[WHAT IS NEEDED] Leave every image behind and restate the data word for word.

[RECORDED DATA]

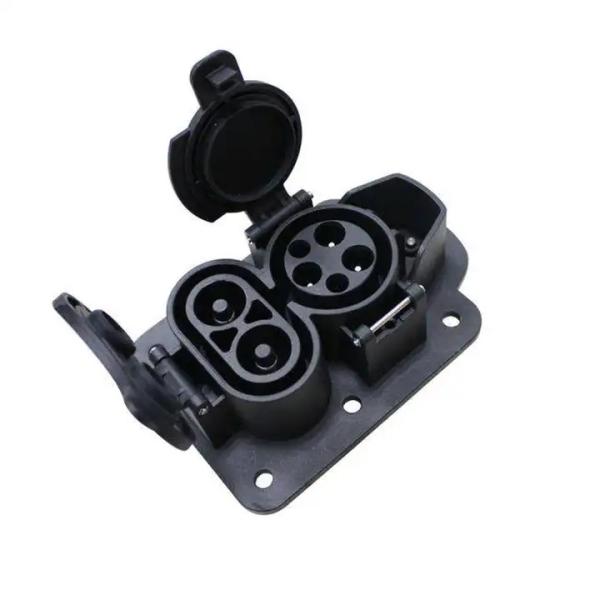 CCS 1 Combo 1 Socket EV Charging Accesspries 80A 150A 200A IEC 62196-3 Inlet
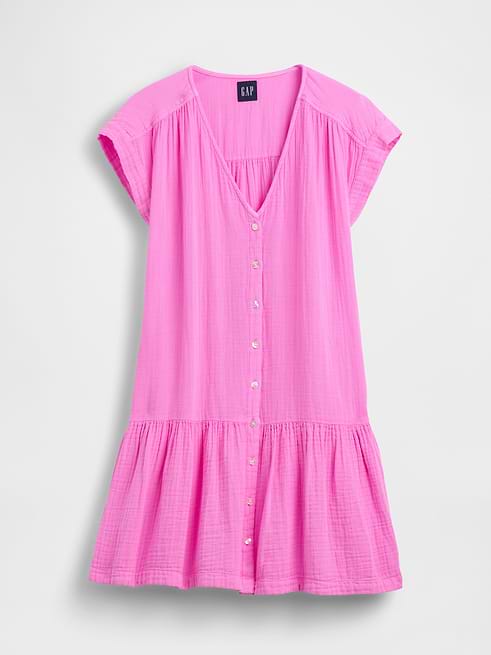 cotton summer midi dress for women Blush Pink Floral Sundress with Pockets Blush Pink / Small Great for Daily Dress style:No Veil Casual Summer Outfit Ideas generous flax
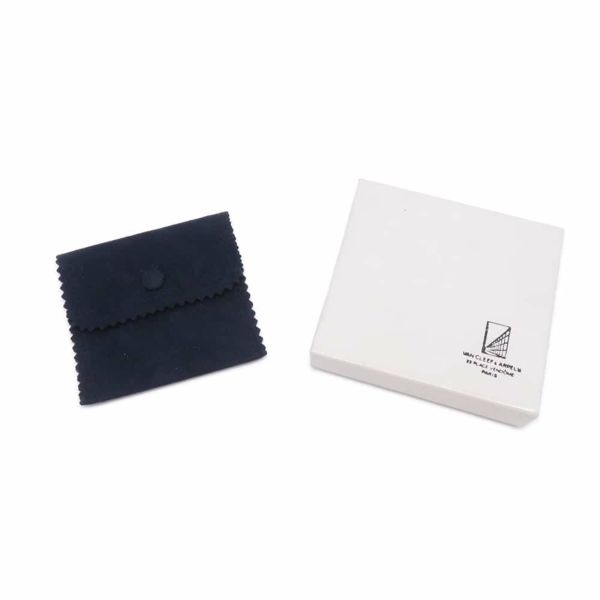 ヴァンクリーフ&アーペル ネックレス パピヨン ネックレス ダイヤモンド K18WGホワイトゴールド ペンダント ジュエリー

[PROBLEM SOLUTION]
 CCS 1 Combo 1 Socket EV Charging Accesspries 80A 150A 200A IEC 62196-3 Inlet
 cotton summer midi dress for women Blush Pink Floral Sundress with Pockets Blush Pink / Small Great for Daily Dress style:No Veil Casual Summer Outfit Ideas generous flax
 ヴァンクリーフ&アーペル ネックレス パピヨン ネックレス ダイヤモンド K18WGホワイトゴールド ペンダント ジュエリー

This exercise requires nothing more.